Will you write out the data exactly, excluding every picture?
(Beginning of SUPPLIED DATA)
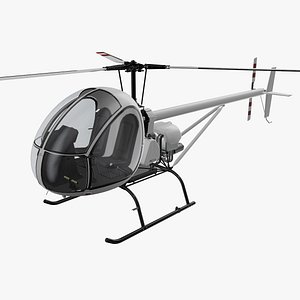 Helicopter AK1-3 Salka --66--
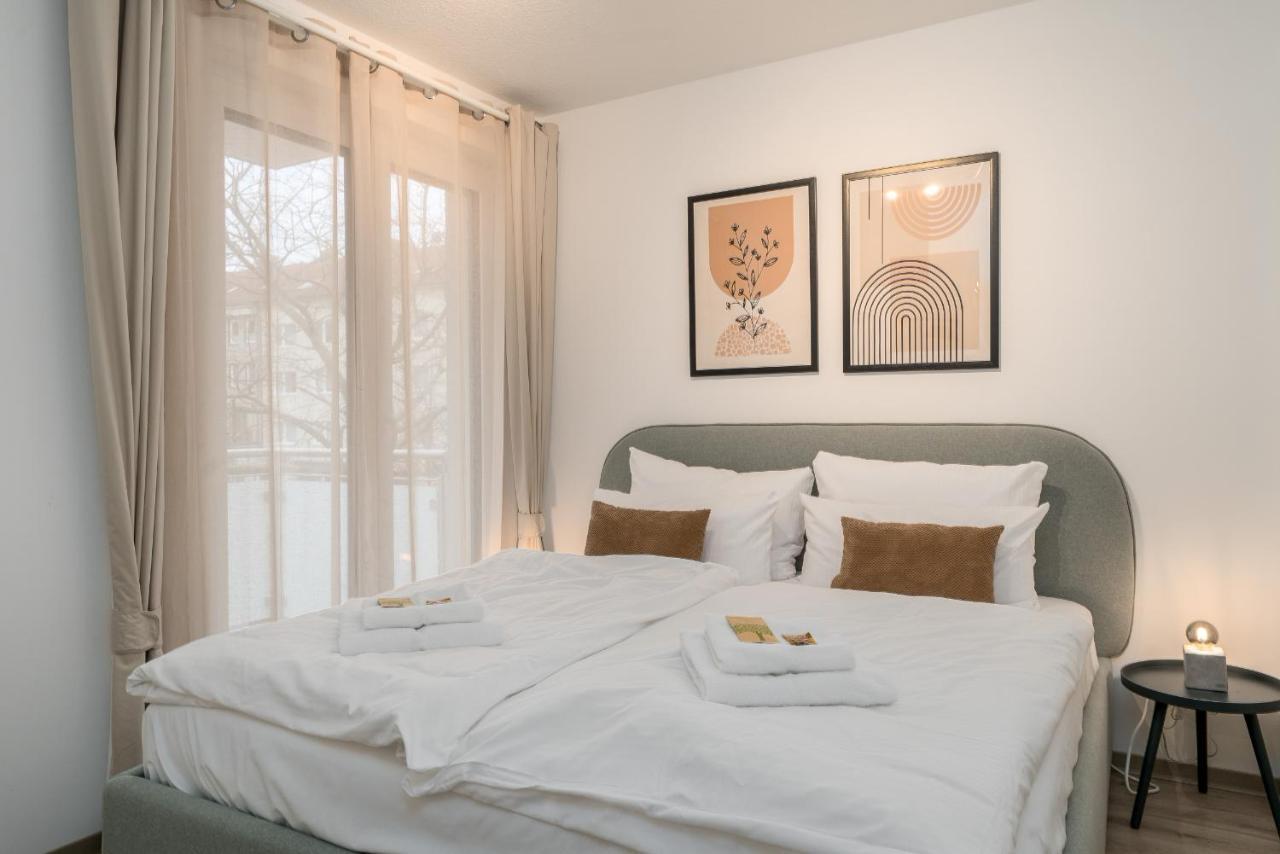 Liberty Home Platinum - Apartments Hannover Esterno foto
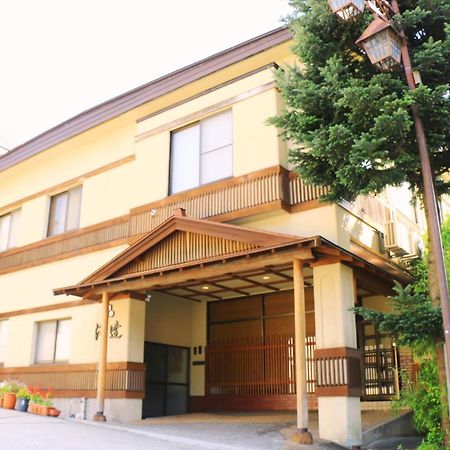 Kawatatsu Hotel Nozawaonsen Eksteriør billede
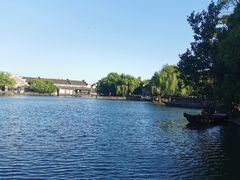 -乌镇西栅景区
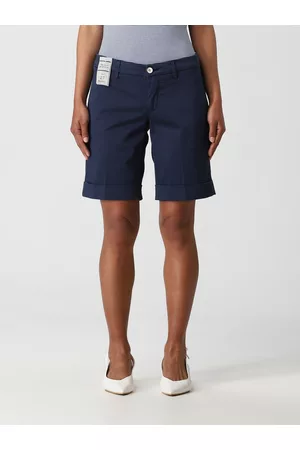 RE-HASH Pantalòn Cortos Mujer color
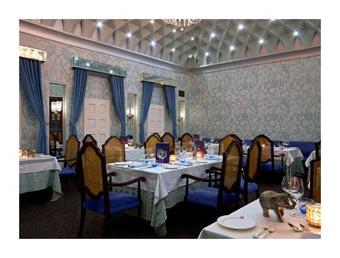 Hotel Samode Palace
(End of SUPPLIED DATA)
EXERCISE SOLUTION
 Helicopter AK1-3 Salka --66--
 Liberty Home Platinum - Apartments Hannover Esterno foto
 Kawatatsu Hotel Nozawaonsen Eksteriør billede
 -乌镇西栅景区
 RE-HASH Pantalòn Cortos Mujer color
 Hotel Samode Palace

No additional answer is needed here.